Итак, мы находим в индивидах, скорее, не особенный пафос в греческом смысле этого слова и тесно связанную с этим пафосом живую самостоятельность индивидуальности, а только различные степени героизма в отношении любви, чести, храбрости, верности — степени, различия которых определяются низменностью или благородством души. Тем не менее герои средних веков имеют одно общее качество с героями античности — храбрость. Но и она получает здесь совершенно другой смысл. Она не является природным мужеством, основанным на здоровой доблести, на силе тела и воли, силе, не ослабленной образованием, и не служит опорой при осуществлении объективных интересов. Эта храбрость исходит из внутреннего переживания духа, из чести, рыцарских нравов и в целом отличается фантастичностью, подчиняясь приключениям внутреннего произвола и случайностям внешних обстоятельств или импульсам мистического благочестия и вообще субъективному отношению субъекта к себе.

Эта форма романтического искусства имеет своей родиной два полушария: Запад — уход духа в его субъективный мир, и Восток — первое расширение сознания, стремящегося освободиться от конечного. На Западе поэзия покоится в душе, возвратившейся в себя, ставшей для себя средоточием и осознающей свое мирское только частью своего отношения, как одну сторону, над которой находится более высокий мир веры. На Востоке представителем этой формы является преимущественно араб, который выступает подобно некоей точке, не имеющей вначале ничего перед собою, кроме выжженной солнцем пустыни и неба, выступает полный сил, стремится к блеску и распространению мирского начала, сохраняя при этом свою внутреннюю свободу.

Вообще на Востоке магометанская религия очистила почву, изгнала всякое ограниченное и фантастическое идолопоклонство.
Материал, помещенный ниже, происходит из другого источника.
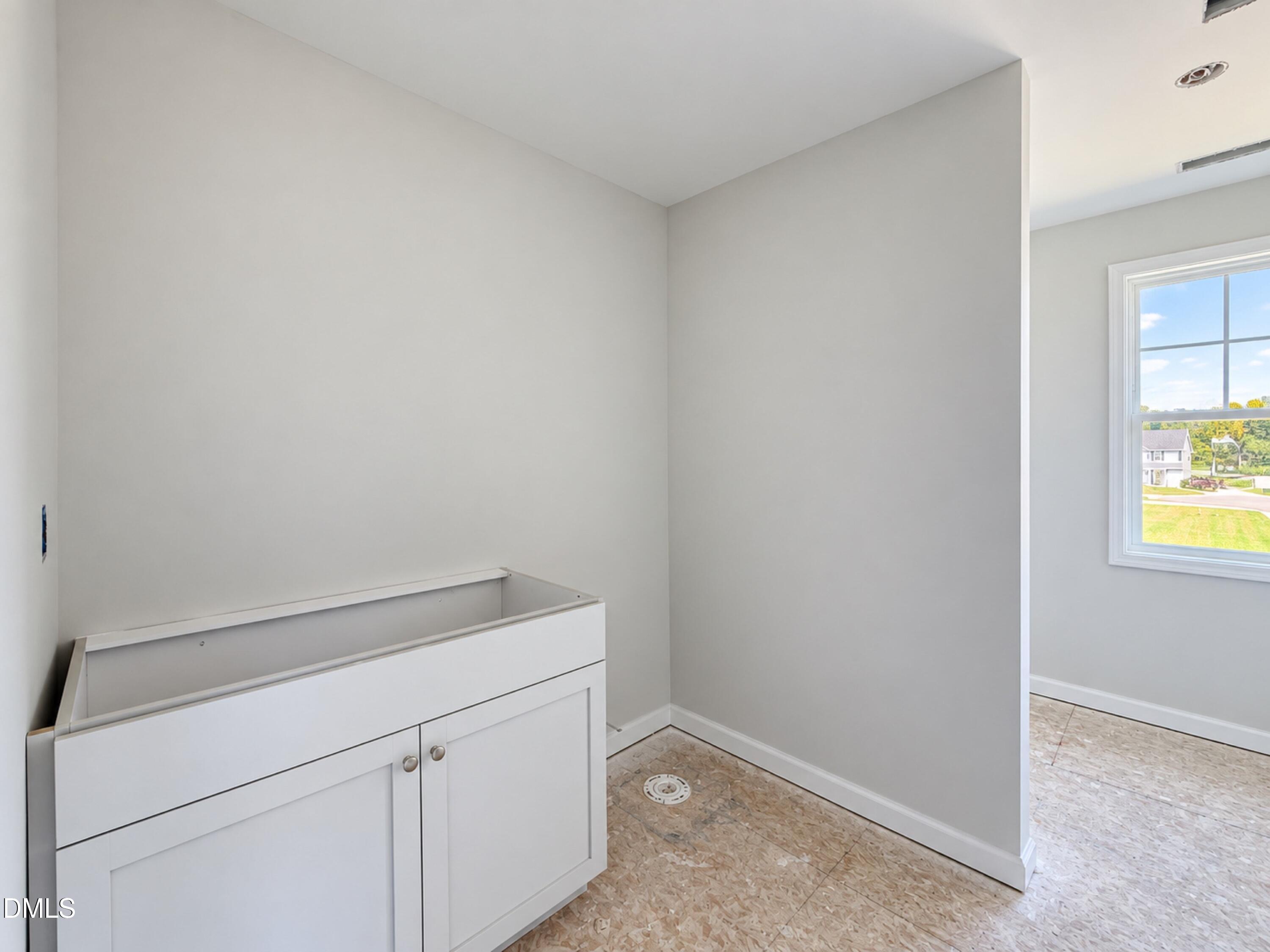 57 W Emily Gardens Drive (62) Property Photo 14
Она дала душе субъективную свободу, целиком ее наполняющую. Мирское здесь не только составляет другую сферу, — оно поглощается, как и все остальное, всеобщей независимостью. Здесь сердце и ум, не формируя объективно бога, внутренне примиренные в живой радости, подобно нищим, счастливо наслаждаются теоретическим возвеличением своих предметов, любят, удовлетворены и блаженны.